→ **Task description**:
The reply has to contain each record exactly as written.

→ **Available data**:
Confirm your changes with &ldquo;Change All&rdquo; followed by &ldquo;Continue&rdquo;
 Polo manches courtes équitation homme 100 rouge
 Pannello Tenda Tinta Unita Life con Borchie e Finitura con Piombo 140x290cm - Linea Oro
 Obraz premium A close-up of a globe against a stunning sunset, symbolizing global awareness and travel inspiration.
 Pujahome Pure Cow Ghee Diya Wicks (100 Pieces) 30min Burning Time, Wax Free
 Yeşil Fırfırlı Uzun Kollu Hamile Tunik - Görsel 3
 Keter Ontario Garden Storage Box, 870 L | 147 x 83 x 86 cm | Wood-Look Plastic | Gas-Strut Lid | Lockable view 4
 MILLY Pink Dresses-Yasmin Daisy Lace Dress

→ **Exercise answer**:
Confirm your changes with &ldquo;Change All&rdquo; followed by &ldquo;Continue&rdquo;
 Polo manches courtes équitation homme 100 rouge
 Pannello Tenda Tinta Unita Life con Borchie e Finitura con Piombo 140x290cm - Linea Oro
 Obraz premium A close-up of a globe against a stunning sunset, symbolizing global awareness and travel inspiration.
 Pujahome Pure Cow Ghee Diya Wicks (100 Pieces) 30min Burning Time, Wax Free
 Yeşil Fırfırlı Uzun Kollu Hamile Tunik - Görsel 3
 Keter Ontario Garden Storage Box, 870 L | 147 x 83 x 86 cm | Wood-Look Plastic | Gas-Strut Lid | Lockable view 4
 MILLY Pink Dresses-Yasmin Daisy Lace Dress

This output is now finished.